RECORDED INFORMATION:

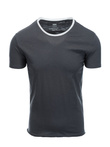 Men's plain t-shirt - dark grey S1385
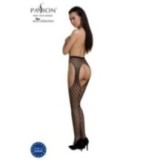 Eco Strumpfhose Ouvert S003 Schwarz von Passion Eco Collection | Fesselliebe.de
--
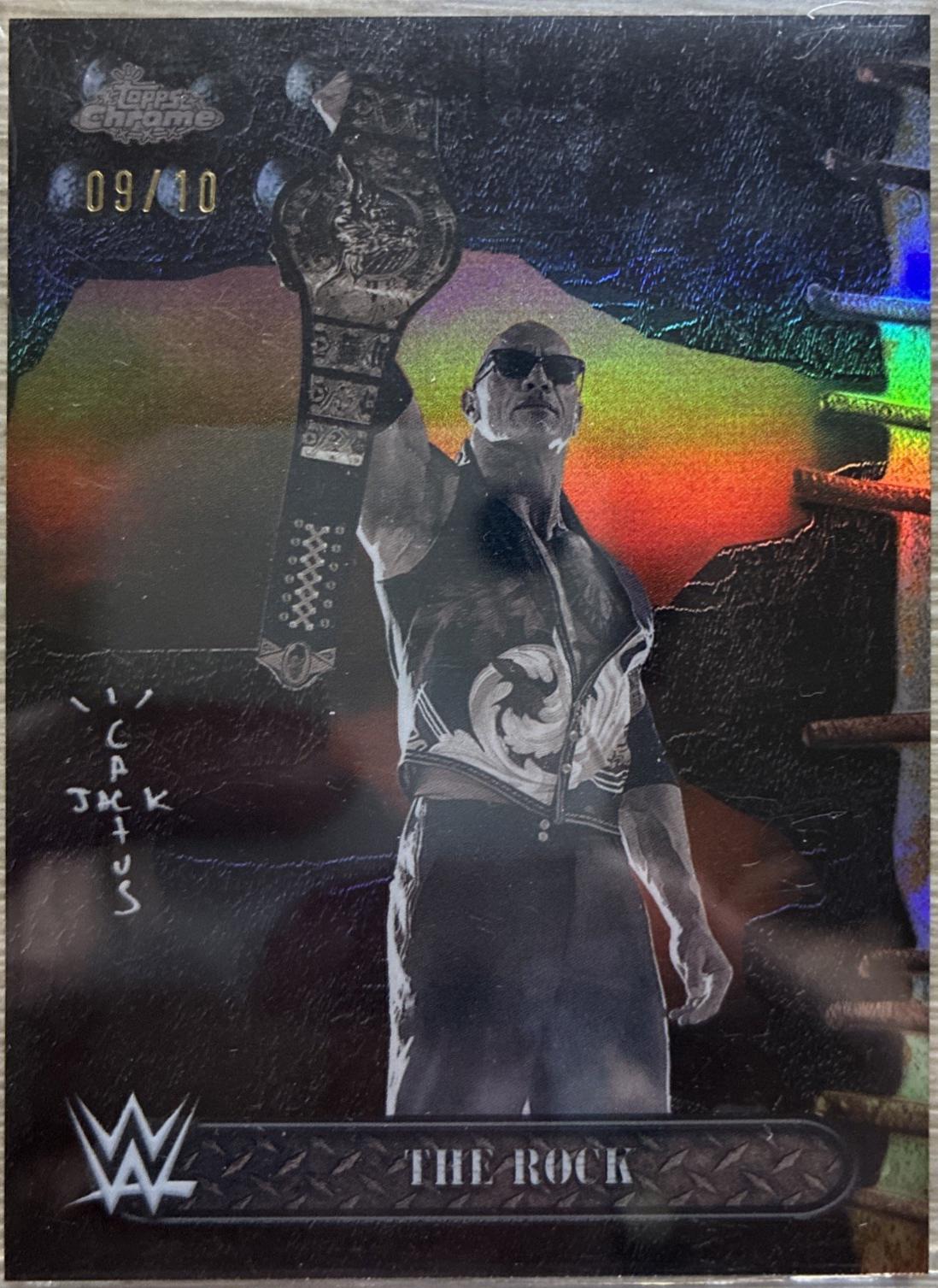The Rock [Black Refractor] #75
==
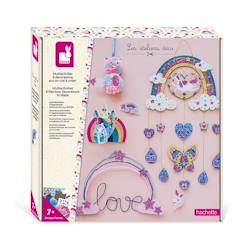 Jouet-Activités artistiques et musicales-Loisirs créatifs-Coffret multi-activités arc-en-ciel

WORK REQUEST: For this exercise, please set down exactly the lines of the listing above from the line with "Men's plain t-shirt - dark grey S1385" up to and including the line with "Eco Strumpfhose Ouvert", and no pictures.

WRITTEN RESPONSE:
 Men's plain t-shirt - dark grey S1385
 Eco Strumpfhose Ouvert S003 Schwarz von Passion Eco Collection | Fesselliebe.de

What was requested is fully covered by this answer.